Published online Jun 30, 2019. doi: 10.13105/wjma.v7.i6.323
Peer-review started: April 8, 2019
First decision: June 4, 2019
Revised: June 11, 2019
Accepted: June 18, 2019
Article in press: June 18, 2019
Published online: June 30, 2019
An imbalance of the microorganisms could lead to many human diseases including dyslipi-demia, fatty liver, and obesity. Probiotic supplementation has been considered an alternative treatment.
Variety of probiotics has been available as ‘healthy’ products to consumers for many health purposes. These over-the-counter probiotics usually comprised of multiple probiotic strains with some health claims. Given limited evidence on the isolated effect of each probiotic strain, a systematic approach to synthesize current scientific evidence is essential.
This study was aimed to identify clinical trials on the use of single probiotics alone or in combi-nation with prebiotics for improving fatty liver, obesity, and dyslipidemia.

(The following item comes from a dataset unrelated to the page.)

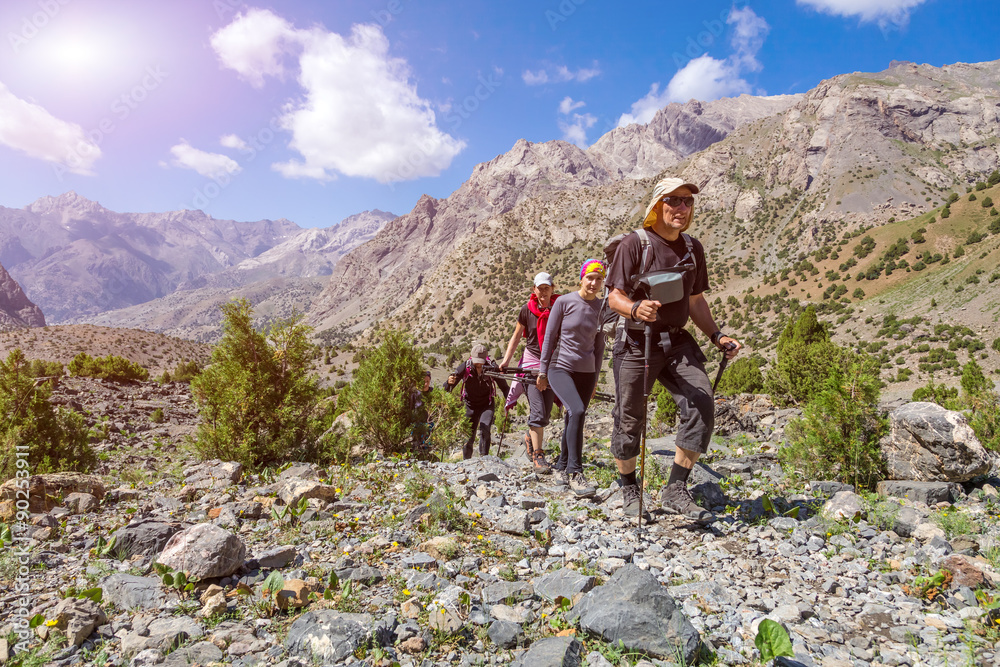 Group of people walking on trail Men and Women going up with Hiking Gear sporty Clothing on bright Mountain Landscape background with blue sky and Valley View Behind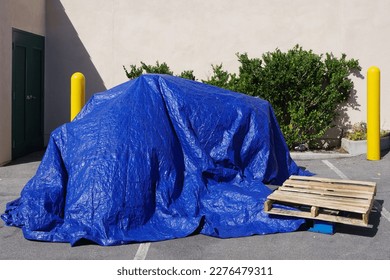 Blue tarp covering a stack of boxes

This systematic review and meta-analysis was conducted using a rigorous methodology and supported by the use of systematic review management software. Titles and abstracts of the primary studies listed in PubMed and Embase databases were screened by two assessors using standard sets of inclusion and exclusion criteria. Data from the included articles were extracted in order to synthesize the effect of single probiotics on specific outcome measures.
A total of 13 randomized controlled trials were included. Three probiotics were included: Lactobacillus (10 studies), Bifidobacterium (2 studies), and Pediococcus (1 study). Probiotics significantly reduced BMI, reduced total cholesterol, reduced low-density lipoprotein, and increased high-density lipoprotein, compared to placebo; high study heterogeneities were observed. Only Lactobacillus could decrease triglyceride level with low heterogeneity. No included studies reported fibrosis score, liver functions, or subcutaneous fat outcomes.
This systematic review emphasizes the effects of single genus non-food-based probiotics on decreasing BMI, total cholesterol and low-density lipoprotein as well as increasing high-density lipoprotein levels.
Evidence on single genus probiotics is still limited. Additional clinical trials are needed for each of the single probiotics before combining two or more probiotics could be investigated.